Late this week, a flat-bed truck will pull into Jack London State Park and unload a nine-foot Steinway grand piano. The cargo, traveling from San Francisco and later bound for state and national parks in Oregon, is the heart of IN A LANDSCAPE: Classical Music in the Wild, an outdoor concert series with America’s most stunning landscapes replacing the traditional concert hall.
On Saturday, May 27, Beauty Ranch Meadow joins the roster of unexpected outdoor venues with a 5:30pm live piano performance by Hunter Noack.
To enhance the experience in the wild, sound is transmitted to concertgoers via state-of-the-art wireless headphones. No longer confined to seats, or even the confines of auditorium seats, the audience is free to explore and connect with the surrounding landscapes. During the concert, the headsets will carry the music throughout the meadow, the historic winery ruins and around the Londons’ cottage and barns.
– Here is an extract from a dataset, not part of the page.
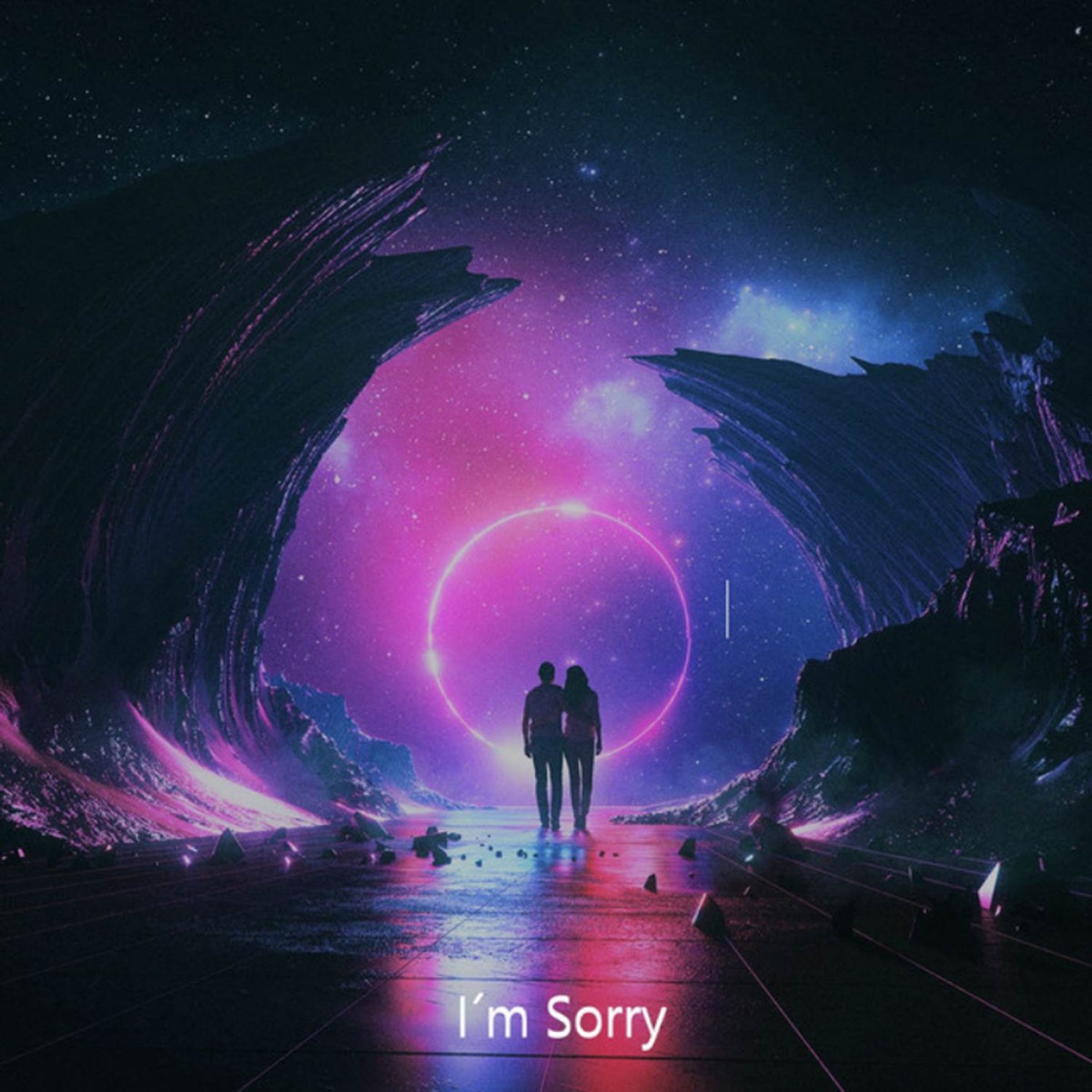 I'm sorry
“I love classical music and I love being outdoors,” Noack says. “I believe that spending time in nature makes us better people, and I also believe in the power of classical music and something about putting those two things together makes for a really magical experience.”
Tickets to this event are $40. The park entry fee of $10 per vehicle (up to nine passengers) is not included.
For more information about IN A LANDSCAPE and its 40-concert tour www.inalandscape.org.
Born in Newport, Oregon in 1988, concert pianist Hunter Noack grew up hunting, fishing, and kayaking the rivers of Oregon. Hunter is the founder and artistic director of IN A LANDSCAPE: Classical Music in the Wild™, where traditional concert halls are replaced by forests, fields, deserts, and riverbank vistas. Inspired by Hunter’s passions, the organization’s mission is to remove barriers to access classical music and the great outdoors. His projects have been featured in the Los Angeles Times, Portland Monthly, on CBS This Morning, Oregon Public Broadcasting’s Think Out Loud and Art Beat.